This anarchist and ‘anti-fascist’ activist is using facts to go after the far-right fringe
Self-proclaimed anarchist and ‘anti-fascist’ Daryle Lamont Jenkins runs a website called the One People’s Project. Jenkins has published unflattering information he’s gathered on far-right figures since 2000. (March 1, 2017)
Reporting from National Harbor, Md. — The young man practically squealed when he saw Richard Spencer, one of America’s most famous white nationalists, standing in a hallway at the Conservative Political Action Conference.
“Oh my god, oh my god, oh my god, he’s here!” said J.P. Sheehan, a conference attendee in a black “Make America Great Again” hat, hopping up and down.

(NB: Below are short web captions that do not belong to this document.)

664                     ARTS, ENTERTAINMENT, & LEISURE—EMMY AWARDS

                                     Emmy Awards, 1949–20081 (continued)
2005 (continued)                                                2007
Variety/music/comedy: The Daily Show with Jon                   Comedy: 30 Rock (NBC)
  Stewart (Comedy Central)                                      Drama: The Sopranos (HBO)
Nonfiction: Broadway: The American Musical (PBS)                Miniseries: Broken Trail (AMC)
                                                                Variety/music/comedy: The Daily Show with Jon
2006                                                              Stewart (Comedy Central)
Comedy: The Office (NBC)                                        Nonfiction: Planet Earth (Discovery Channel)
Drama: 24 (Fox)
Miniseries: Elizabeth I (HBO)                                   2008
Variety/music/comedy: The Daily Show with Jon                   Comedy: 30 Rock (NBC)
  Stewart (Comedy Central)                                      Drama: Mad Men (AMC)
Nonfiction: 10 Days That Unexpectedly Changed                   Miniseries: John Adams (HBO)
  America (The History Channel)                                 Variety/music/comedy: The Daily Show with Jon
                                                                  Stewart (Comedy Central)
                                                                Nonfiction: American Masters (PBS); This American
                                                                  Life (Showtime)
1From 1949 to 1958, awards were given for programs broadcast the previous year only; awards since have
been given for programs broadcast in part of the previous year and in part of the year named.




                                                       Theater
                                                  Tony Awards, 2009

Sheehan held up a maroon T-shirt for Radix, the online journal published by Spencer, who has called for a separate nation for white people.
“He’s literally, like, the coolest guy,” Sheehan said.

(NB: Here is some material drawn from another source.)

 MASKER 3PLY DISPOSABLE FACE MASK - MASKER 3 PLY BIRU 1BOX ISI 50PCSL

But as reporters circled Spencer, a heavyset man in a plaid shirt pointed a phone camera at Sheehan. The young man’s bubbly energy turned standoffish. “Can I help you, Daryle?”
On hearing his name, Daryle Lamont Jenkins, 48, of Philadelphia smiled.
“If you know my name, then you know how you can help me,” Jenkins said, snapping a photo of Sheehan.
Of the thousands of people who visit CPAC each year hoping to network with fellow conservatives and listen to speeches by prominent Republican members, Jenkins is one of its most unusual attendees. Jenkins is an anarchist, and he runs a website called the One People’s Project, where he publishes information he’s gathered on far-right figures since 2000.
It’s a modest operation. Jenkins is not widely known, except among the white nationalists he monitors. He has a couple thousand Twitter followers, and until recently, he was a delivery truck driver. He paid his own way to attend CPAC in Maryland last week.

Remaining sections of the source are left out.